As we floundering humans with more intelligence (apparently) than the flowers and the birds, adapt, or attempt, to our release back into what we once thought Normal, we are foundering. The way things were will never be again. We are facing a new and uncharted terrain. How glorious. How natural. But we may have forgot the ‘Natural’ within us, that ability to adapt, to confound the voice of May, of any month in our given situation. I hear so many folk say they are relieved we are going back to normal and I recoil, like a snake. Hopefully unnoticed. How can anyone go back, first off, and then back to normal when normal is far from herself. She is ways off what she once was and we need to get that. Okay, I get the yearning for what was, what we understood, what we knew as absolute, the very ground beneath our feet, but that ground is no longer there so don’t think it will hold you up. This Covid has been a warning and one we must pay close attention to. I am no catastrophist other that the times when I have been. But not on this. We are perennials. We know how to follow the sun, our faces lifted and glowing in the light. We also know how to close and to go within, in to the warm, in to the loved ones, away from the cold and the winds that could blow the walls of Jericho down in a nanosecond sans trumpets. Are we paying attention? Life from now-now is not normal. It will be about acceptance and compassion. It will not be about waving fists at camper vans. It will not be about exclusion. It must be about the opposite, about sharing, about kindness, about, let us say, learning how other people work, those who do not have the mummy training that we did.

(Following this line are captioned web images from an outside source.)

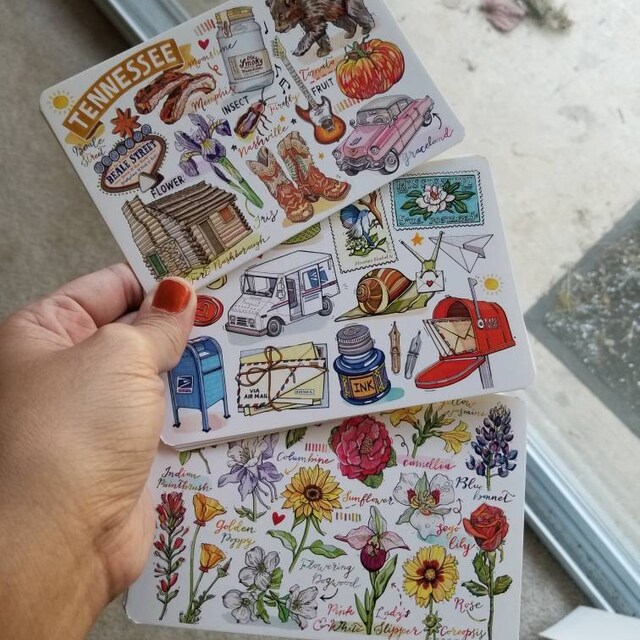 Tennessee State Bird & Flower Postcards - Set Of 20 Identical 4x6 Inch Cards Made In USA
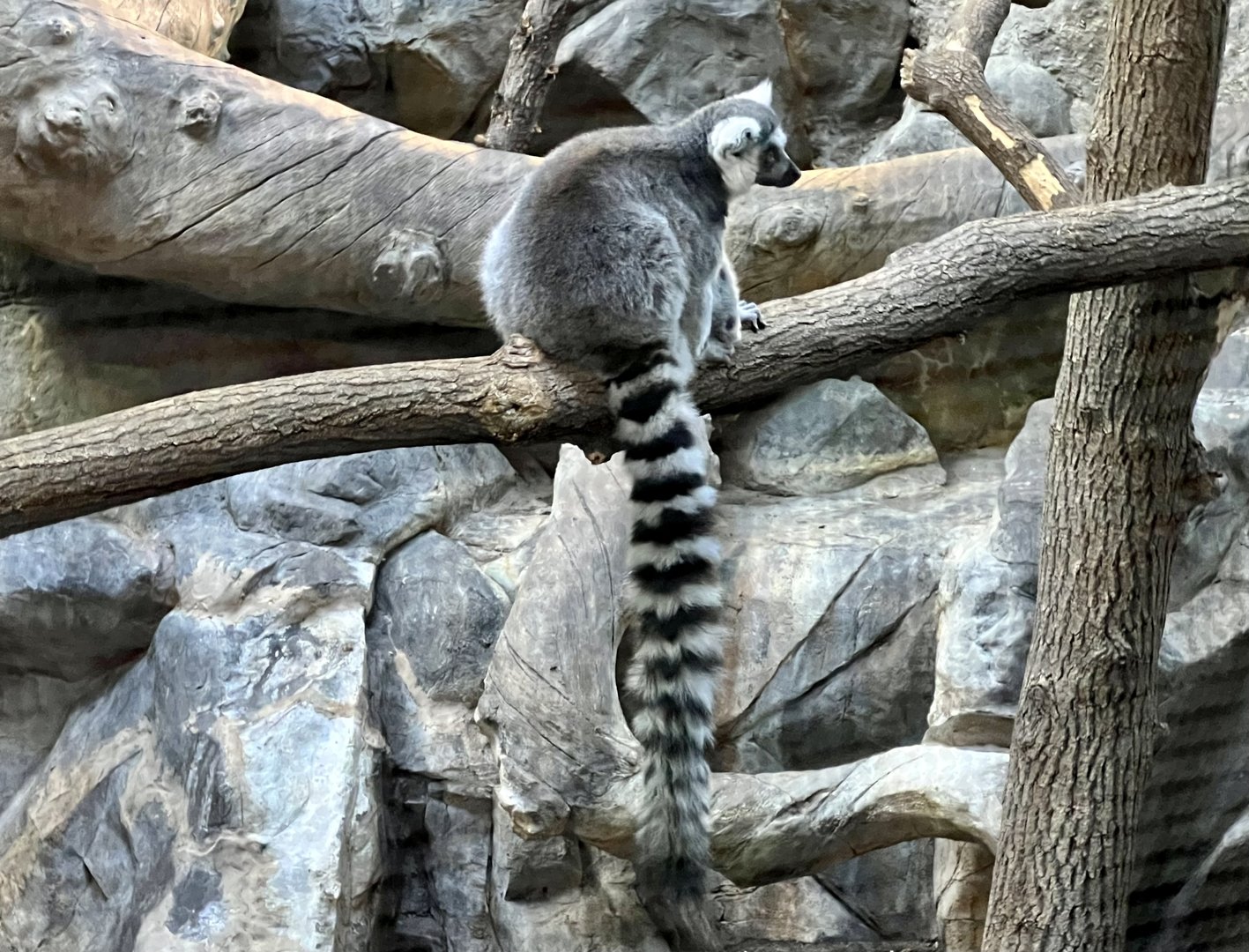 Ring-tailed Lemur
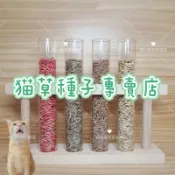 貓草種子(大麥草.小麥草.日本燕麥.黑麥草.黑燕麥 ) 大麥草種子 小麥草種子 黑麥草種子 黑燕麥種子【蔡小魚和蔡娜美】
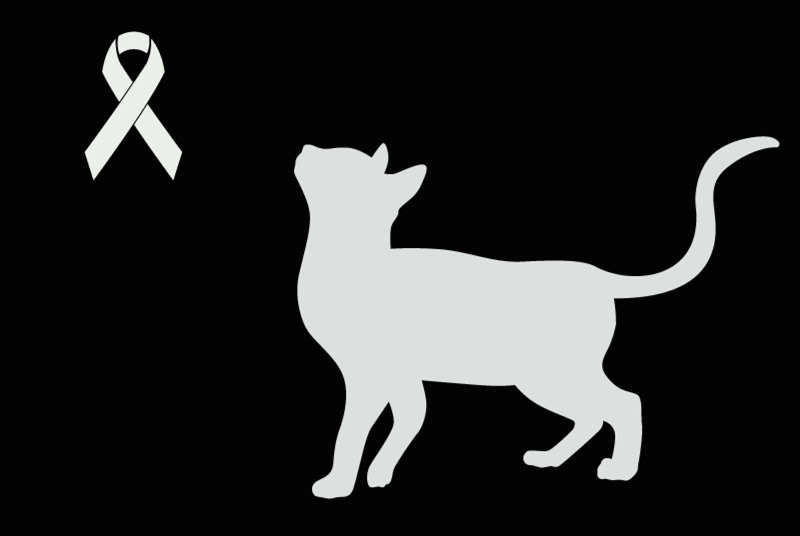 Alerte Découverte Chat Femelle , 2 ans Kogenheim France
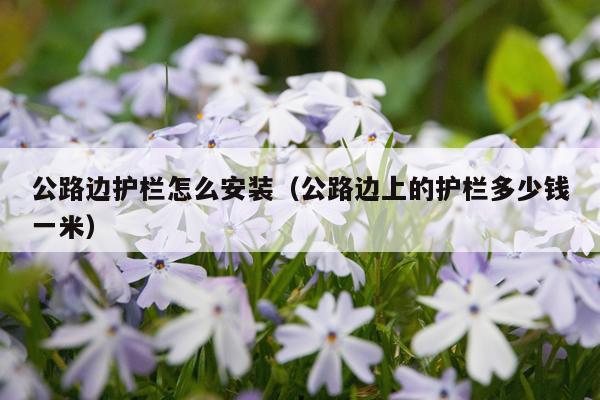 公路边护栏怎么安装(公路边上的护栏多少钱一米)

I watch the dandelions slowly close. I can see it happen because I can sit long just to watch. No other agenda now. Time? I have plenty. No interruptions. I recall agonising about the lack of it, yearning for it, shouting and raging for it. Now it is here, in abundance and if I am not engaged with that state, I can get angsty, fretful. But I am learning and in the main I know it as a gift and I am thankful, although not all the time. I remember my days as a thoughtless hybrid, dancing the light and believing it would last. I remember the sprinter in me and I also remember the long distance runner and my vote, now, goes to the latter. I am with the dandelions and the daisies, even as I love the short term glorious flourish of those blooms that have no flipping idea what they are doing.

So. We open and we close. We might like to think about that, as the borders open, the doors open. We are going to meet others who have really struggled through this past year; those who were stuck at home with those they were, before, able to live with only because they could get away to work. We are going to meet angry, upset, resentful, pressured beyond what we can imagine, on roads, in cafes, in pub gardens, in doorways and outside our safe picket fence. Let us allow everyone to regain some hold on what it is to be a part of the human race. Let us be kind, pull back, let forward, offer, pause, consider and, most important of all, deal with our own anger and frustration within ourselves and all by ourselves without projecting our pain on someone else who has more than enough to deal with anyway. Who said that if we really want to heal the pain the world, first we need to heal our own pain? I forget, but it is worth saying again.

Let us close to what we knew, what was and let us open to whatever comes next. After all, not one us has a scooby.